• _WHAT TO DO_
A faithful copy of the listing below is needed, with its pictures left out.

══ COLLECTED MATERIAL ══

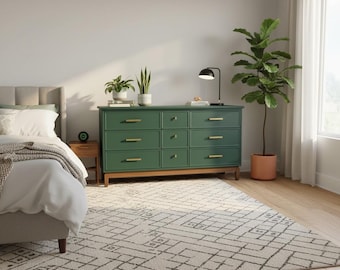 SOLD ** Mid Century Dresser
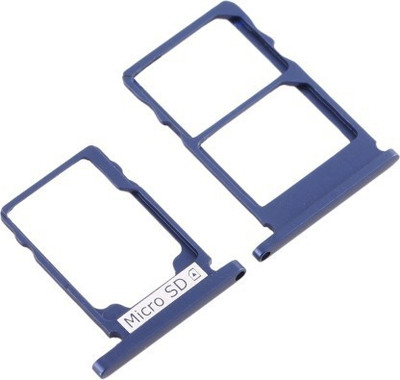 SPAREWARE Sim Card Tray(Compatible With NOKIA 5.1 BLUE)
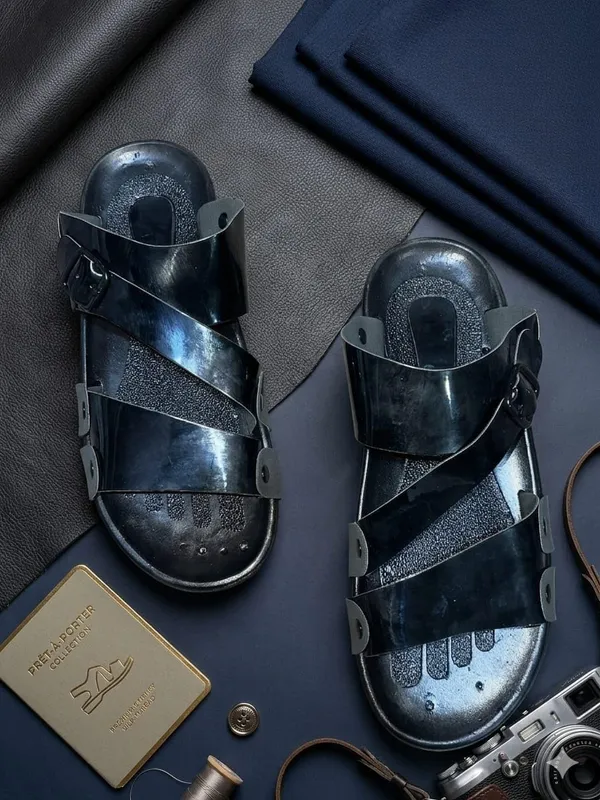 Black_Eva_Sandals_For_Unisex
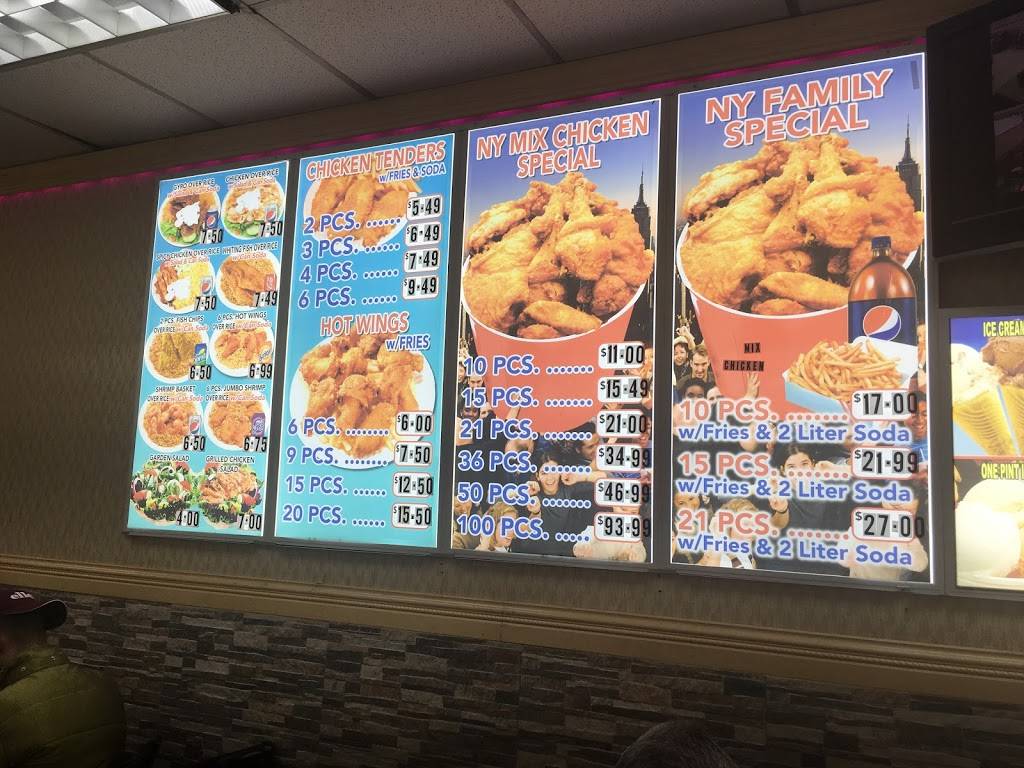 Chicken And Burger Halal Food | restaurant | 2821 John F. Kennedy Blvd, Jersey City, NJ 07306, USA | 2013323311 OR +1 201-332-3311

═══

• _RESPONSE AREA_
 SOLD ** Mid Century Dresser
 SPAREWARE Sim Card Tray(Compatible With NOKIA 5.1 BLUE)
 Black_Eva_Sandals_For_Unisex
 Chicken And Burger Halal Food | restaurant | 2821 John F. Kennedy Blvd, Jersey City, NJ 07306, USA | 2013323311 OR +1 201-332-3311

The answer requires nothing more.